I was at Mobilize 2010 yesterday. Fantastic event! Congrats to the whole GigaOm team, great job. Here’s some of the stuff that really stuck out for me:
- The characterization of the panel that Liz lays out is pretty fair, there was definitely a divide between folks who thought that NFC would have an impact and those who thought it was just an expensive stepping stone. Osama from PayPal, summed up the issue as “revamping point of sale vs eliminating it completely”. He stressed that with real world objects being increasingly networked there’s not necessarily a need to have a point of sale. Just indicate you want something right there in the aisle, which flips a bit somewhere indicating a given bit of merchandise is allowed through the doors without setting off an alarm. Smart, and a logical extension of the kind of “Internet of Things” discussions we frequently have.
- Geoff from Mastercard said that they’re working on enabling mobile transactions for unbanked users via Banknet, which sounded awesomely interesting. However, I can’t dig up any info about that effort.
- Geoff also spoke about incentives and coupons getting evaluated and redeemed right along with purchase, so I have to assume that the Mastercard world of mobile transactions sees the consolidation of folks like Groupon into payments instead of leaving them distinct.
- David from Zong was one of the folks who thought that the real value of mobile payments didn’t lie with revamping POS, he said that the value would come from offers, additional CRM hookups, and being able to tie into social networks.
- I think the choicest quote from the session was actually Ilja from GetJar: “An app is just an icon. If it’s a web app or a native app makes a difference to the technologists, but consumers don’t care.”
- Jay from Mozilla also made a fantastic point that I’ve been pulling at for a while, that what we normally lump together in the web apps vs. native apps argument around the technologies used to implement applications isn’t really the interesting discussion. The more important issues lie with distribution, monetization, search, and ratings. If Apple allowed web apps in the app store we might divide up the argument differently.
- Michael from Sencha made an interesting point in that he assumed web apps were going to start replacing native apps in the enterprise before the consumer space. He said the desire to avoid device lockin and keep developer productivity high would push enterprises toward the web. Interesting. I always assumed that the need to go cross-platform would push consumer services to the web. But because consumer apps would also give up a bunch of their existing distribution channel in doing so, I can see where he’s coming from. The reasons for not going web currently are distribution and monetization, and in the enterprise you don’t have those concerns. Good point.

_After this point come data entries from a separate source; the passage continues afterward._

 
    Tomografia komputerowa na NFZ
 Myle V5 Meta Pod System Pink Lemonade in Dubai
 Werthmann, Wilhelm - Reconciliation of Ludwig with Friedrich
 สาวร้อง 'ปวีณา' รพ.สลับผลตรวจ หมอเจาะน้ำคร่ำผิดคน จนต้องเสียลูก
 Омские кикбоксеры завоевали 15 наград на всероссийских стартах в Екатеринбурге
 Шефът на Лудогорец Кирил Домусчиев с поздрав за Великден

- Krishna pointed out that if the browser is the entire OS then the distinction between native and web goes away. I’m sure the folks working on WebOS at Palm would agree.

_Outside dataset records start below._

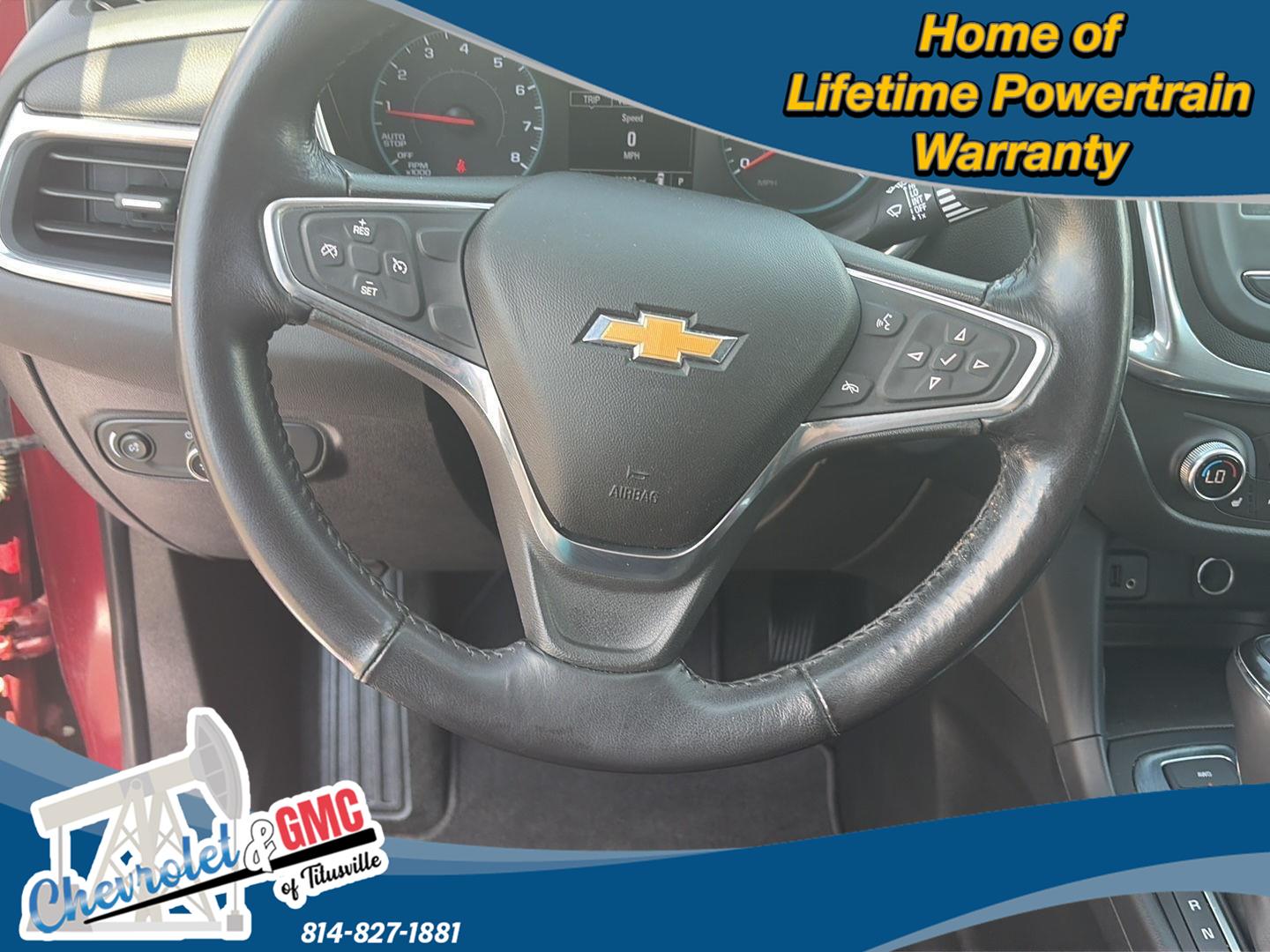 2018 Chevrolet Equinox LT at Auto Estates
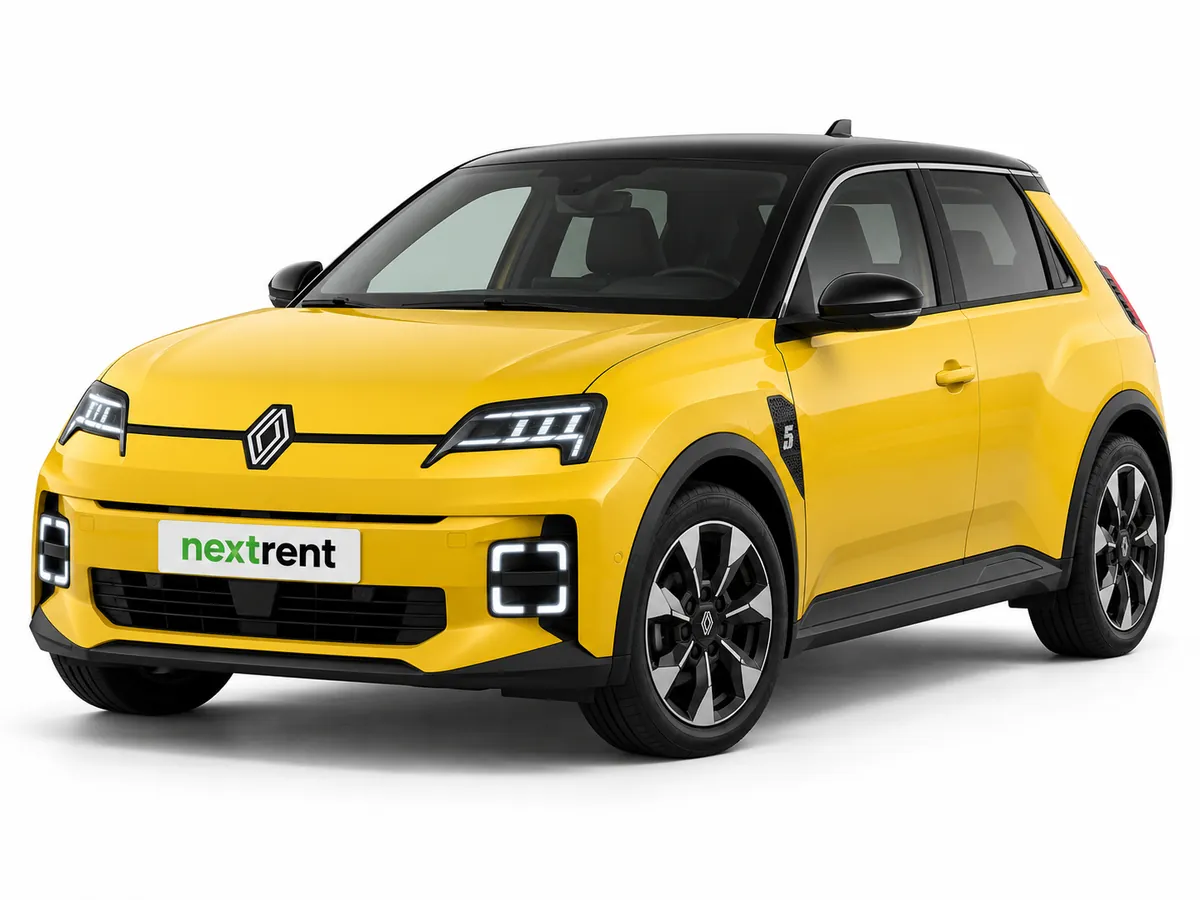 Renault 5 E-TECH 40 KWH evolution 120 cv urban range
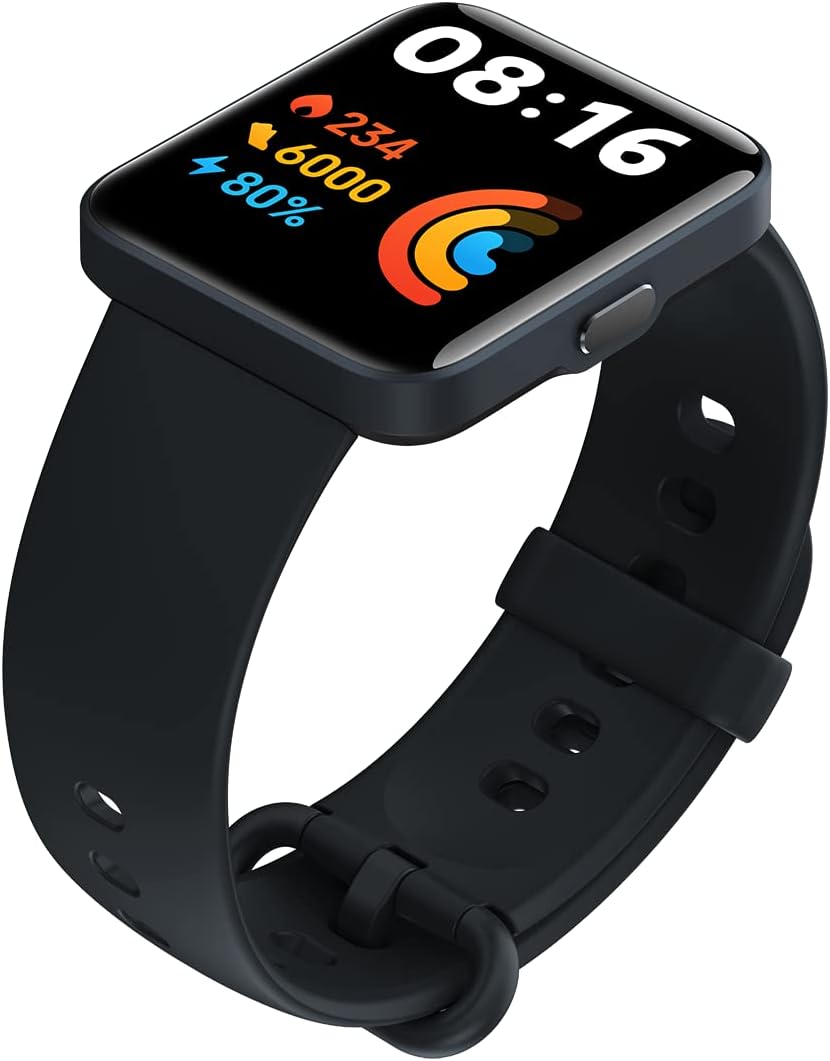 Xiaomi Redmi Watch 2 Lite - Black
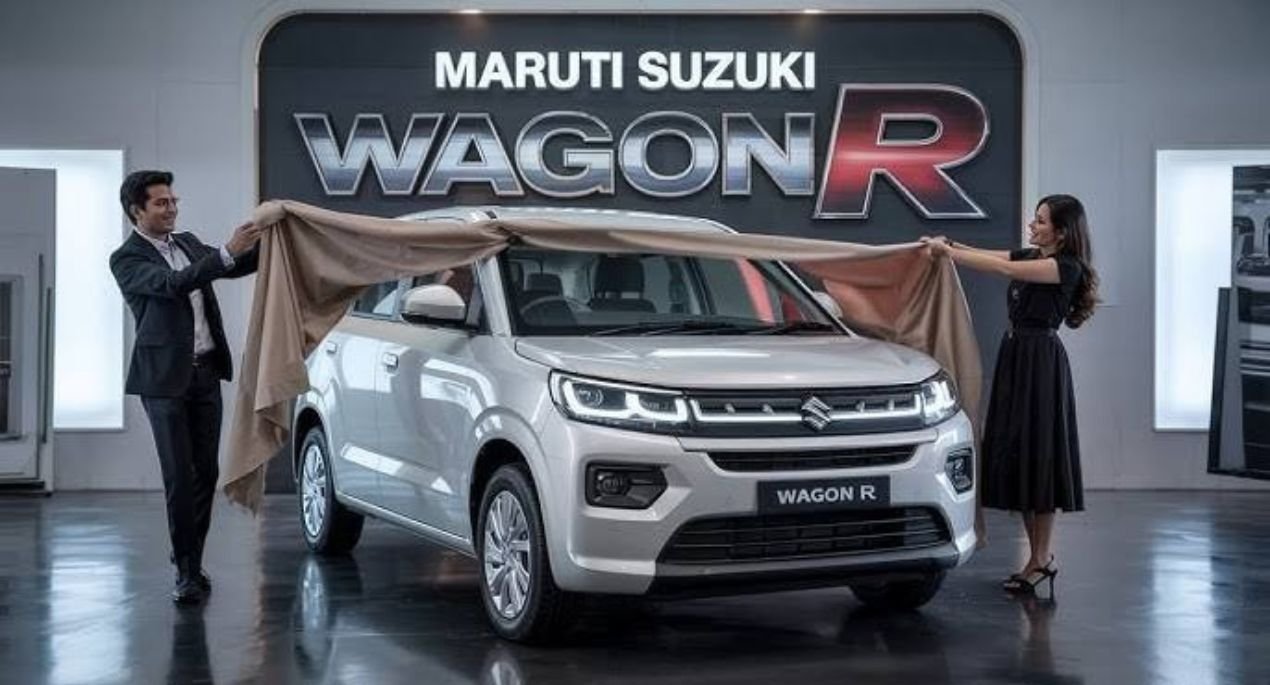 Maruti WagonR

- Mike from ThingM laid out some pretty concise points. Anyone familiar with the concept of ubiquitous computing will find a lot of them familiar, but Mike put them into a great overall framework. He was urging folks to stop thinking in terms of individual apps or particular devices in the generic sense – but to think about services and how objects in the physical world can become the interfaces to those services. Don’t think of a camera as a device for taking pictures, but as a peripheral for Flickr.
- The overall argument was deriving from the reduced cost of adding computing. When it’s expensive to add computing to a device you only have a few devices that include computing, those devices need to be generic because they need to fill all the different roles. However, with computing getting less expensive now you can sprinkle it around as necessary, and make each instance of the tech more focused and differentiated. Most people just say “when computing gets cheap enough we might as well add it to everything”, this take of allowing the installations to move from generic to specific is a pretty significant twist on motivations, and a much more compelling framework.
There was actually a ton of additional interesting conversation, but I’m running up against my allotment of allowed blogging time for today. Diving through the tweets for #mobilize and #mobilizeconf should turn up some interesting stuff. Like Om asking why Nokia feels it’s necessary to buy developer love with millions of dollars in contest money instead of just building fantastic product the way Apple has, or the folks from Evri saying that apps effectively boil down to filters and that launching an app should be thought of as a search. Hopefully some of that stuff is out there tweeted, if not I’ll try to dig up some extra time this weekend to get some of it down.